━━ Input records ━━
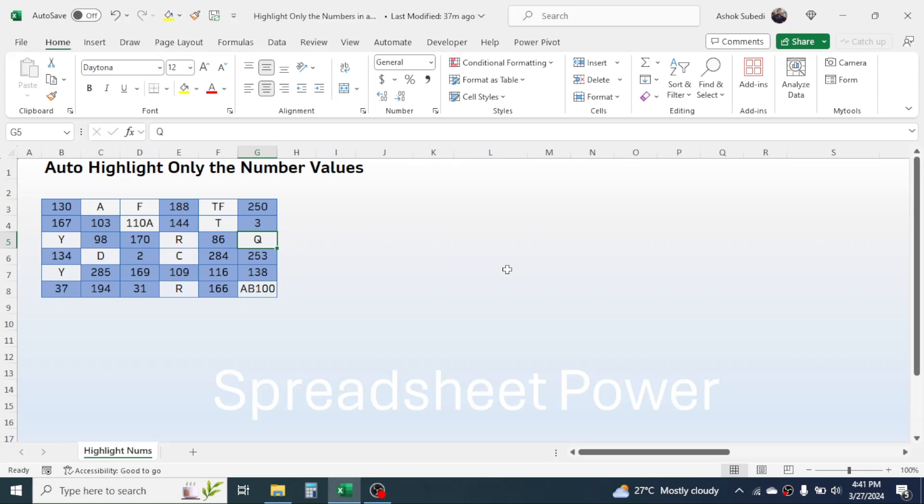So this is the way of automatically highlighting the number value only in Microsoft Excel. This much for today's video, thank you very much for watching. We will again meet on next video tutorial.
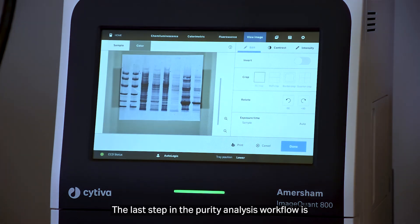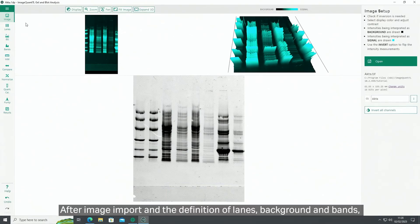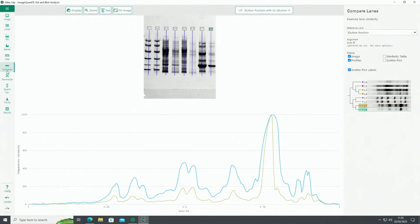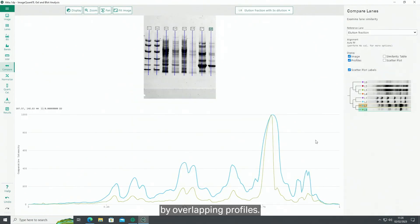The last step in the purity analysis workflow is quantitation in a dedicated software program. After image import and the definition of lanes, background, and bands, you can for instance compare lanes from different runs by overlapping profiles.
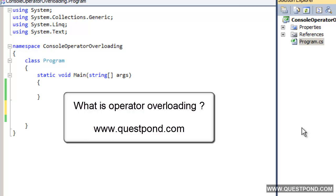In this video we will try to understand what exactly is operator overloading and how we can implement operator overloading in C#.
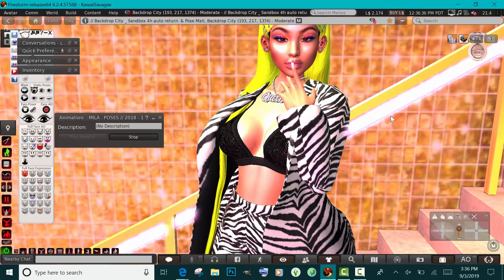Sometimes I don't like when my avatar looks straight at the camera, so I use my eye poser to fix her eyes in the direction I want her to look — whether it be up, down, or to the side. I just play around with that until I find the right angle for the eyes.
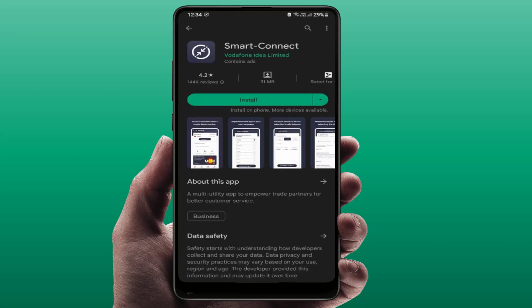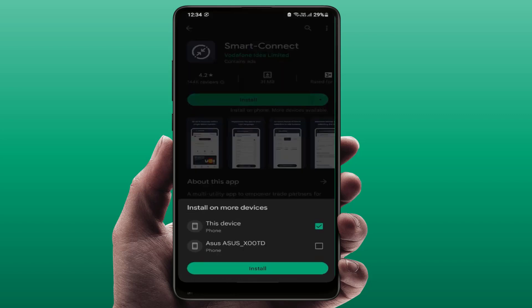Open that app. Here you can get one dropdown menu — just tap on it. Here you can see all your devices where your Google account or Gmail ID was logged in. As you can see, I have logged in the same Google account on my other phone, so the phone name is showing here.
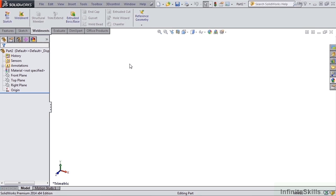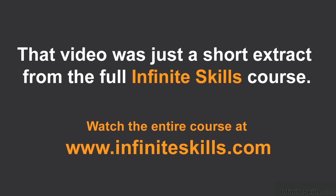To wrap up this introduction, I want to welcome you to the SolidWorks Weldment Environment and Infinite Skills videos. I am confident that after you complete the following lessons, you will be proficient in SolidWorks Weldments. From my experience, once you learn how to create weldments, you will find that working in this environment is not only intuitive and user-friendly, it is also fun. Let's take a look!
━━━
[About this exercise]
Copy each record exactly. Leave any images out of the copy.

[Answer space]
So this is the way of automatically highlighting the number value only in Microsoft Excel. This much for today's video, thank you very much for watching. We will again meet on next video tutorial.
The last step in the purity analysis workflow is quantitation in a dedicated software program. After image import and the definition of lanes, background, and bands, you can for instance compare lanes from different runs by overlapping profiles.
In this video we will try to understand what exactly is operator overloading and how we can implement operator overloading in C#.
Sometimes I don't like when my avatar looks straight at the camera, so I use my eye poser to fix her eyes in the direction I want her to look — whether it be up, down, or to the side. I just play around with that until I find the right angle for the eyes.
Open that app. Here you can get one dropdown menu — just tap on it. Here you can see all your devices where your Google account or Gmail ID was logged in. As you can see, I have logged in the same Google account on my other phone, so the phone name is showing here.
To wrap up this introduction, I want to welcome you to the SolidWorks Weldment Environment and Infinite Skills videos. I am confident that after you complete the following lessons, you will be proficient in SolidWorks Weldments. From my experience, once you learn how to create weldments, you will find that working in this environment is not only intuitive and user-friendly, it is also fun. Let's take a look!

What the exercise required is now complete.